The Arts Fest and Existentialism

The arts festival is on in Singapore and the last couple of shows have been really thought provoking for me. On Thursday I watched a dance piece called No Direction, by a Japanese company called Nibroll. The show was comprised by vignettes of absurd situations, with people desperately alone but trying to interact and do things together. It seemed like people bumped into one another and somethings aligned physically, but were somehow unable to truly find a direction together. The show was quite humorous, but illustrated the deficiency of human interactions.

Tonight I watched 'Drift', a play directed by Dramabox artistic director, Kok Heng Luen. And this play was about people from two cities, Shanghai and Singapore, and how their lives intertwined over four generations. It was a wonderful piece of theatre, based more on process and the emotional experience. There was a narrative, but it seemed to be more a skeleton to hang the emotional experience, than a narrative that drove the play. In the play there were lovers who were separated due to ideals, mothers and their children, husbands and their mistresses.
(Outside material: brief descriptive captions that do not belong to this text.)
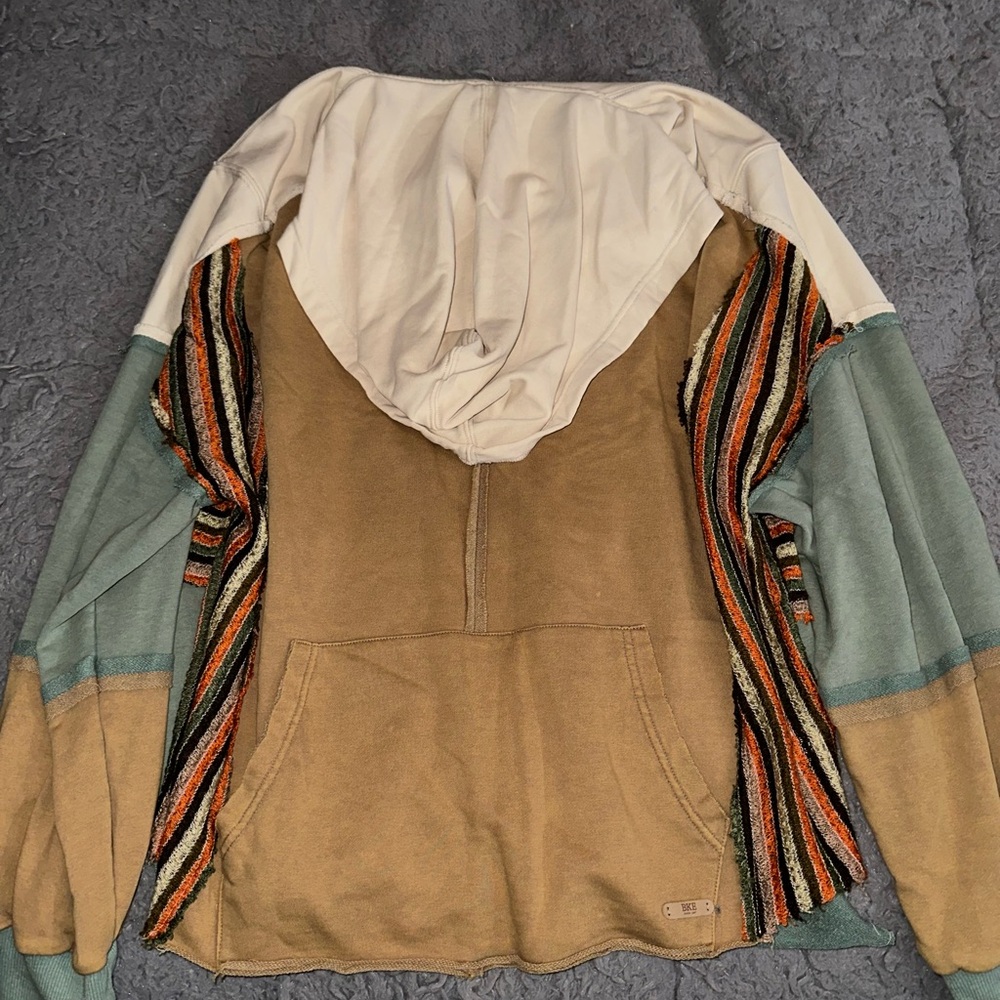 BKE lightweight hoodie from Buckle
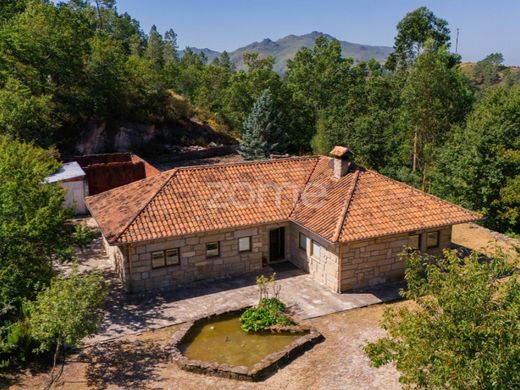 منزل ﻓﻲ Terras de Bouro, Distrito de Braga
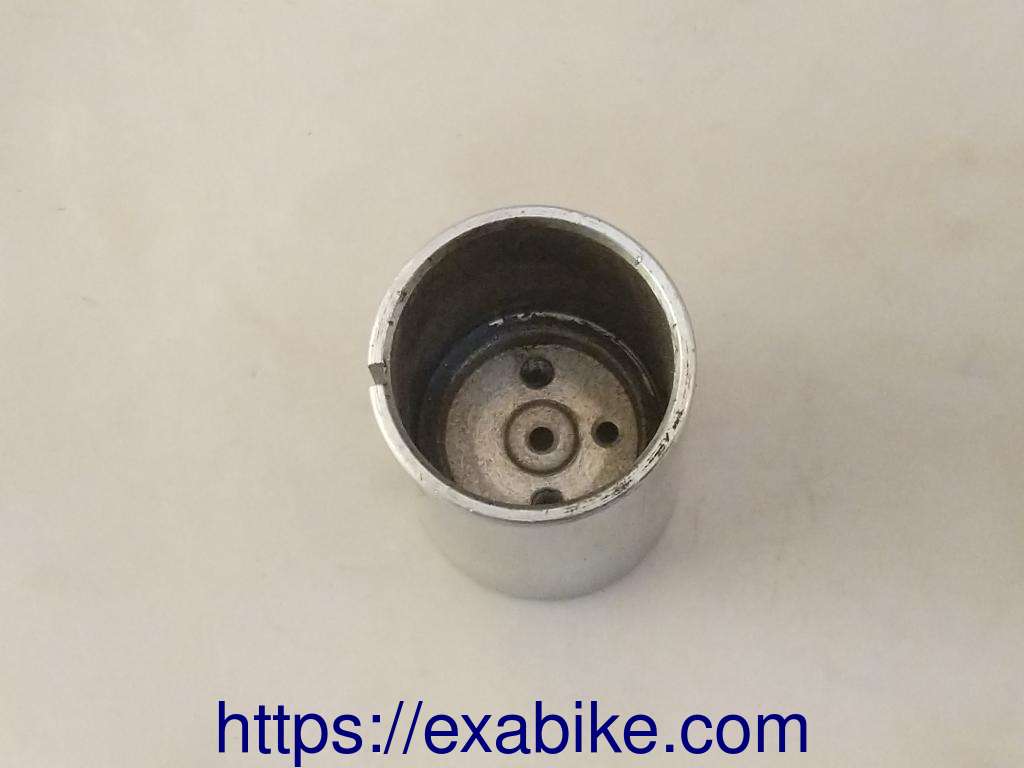 carburetor valve Suzuki GS 750 - photo 3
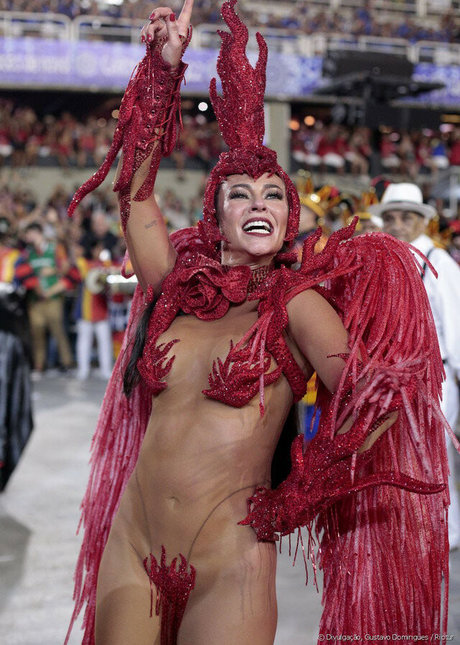 Paola Oliveira art étoile image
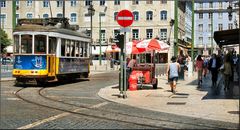 Showing my city....Yellow tram ( Carreira Nº 12 )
And a very enigmatic figure, actress Pat Toh, who just stood on top of a dais above the stage for the entire play, emotionless, perhaps like the blindfolded statue of justice holding a set of scales in one hand. This play was more melodramatic than No Direction, but it spoke of people's desires, dreams, fears, promises and fates.

Both performances caused me to reflect on the imperfection of understanding and communication. People are not really evil, in general, but our desires and the logic following our desires may cause us to hurt other people. And it also blinds us to the hurt we visit onto other people. This problematic life seems almost futile. But in my mind, I resolved that regardless of the imperfections, it is better to aspire to live well, to be true to myself and yet respect other people. One cannot stop living life because there may be pitfalls. And one cannot learn about life without making a few mistakes. And one cannot learn from life's lessons unless one is truthful and willing to learn, and to change. I must and do hope for progress.
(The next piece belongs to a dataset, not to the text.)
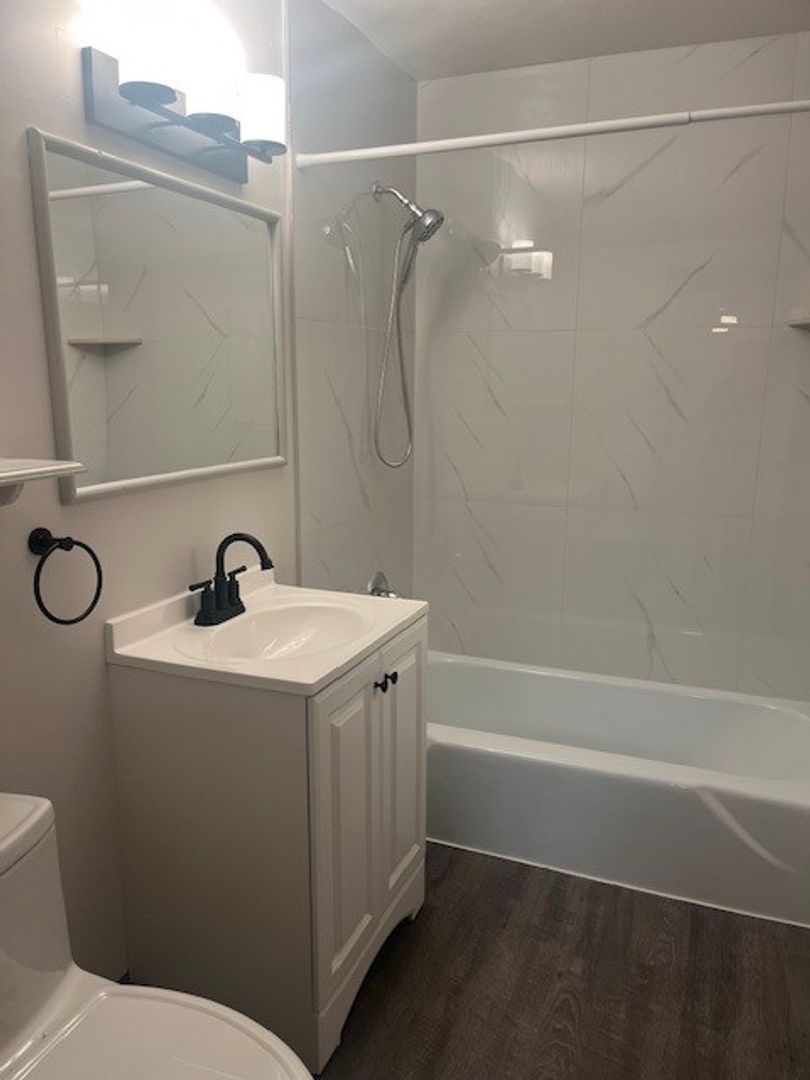 Rockwood Manor Apartments 3 of 9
With global warming, food shortage and an out of control price of oil, times do look bleak. But if we used less fuel, ate less meat, and did not consume so much, a lot of death and suffering can be alleviated. But it is inconvenient for us who have grown accustomed to a comfortable lifestyle. It is hard to make the connection, but our excess is paid for by the suffering and death of other people. We all have this wonderful ability to live in denial, ignore the reality. And even now, the reality is not just in some poor third world countries front lawn, the bad weather and expense of basics is on our front door, and yet we deny it. I guess that if we do live like an ostrich, our heads stuck in the sand, we do deserve our untimely demise. But still, I must and do hope for progress.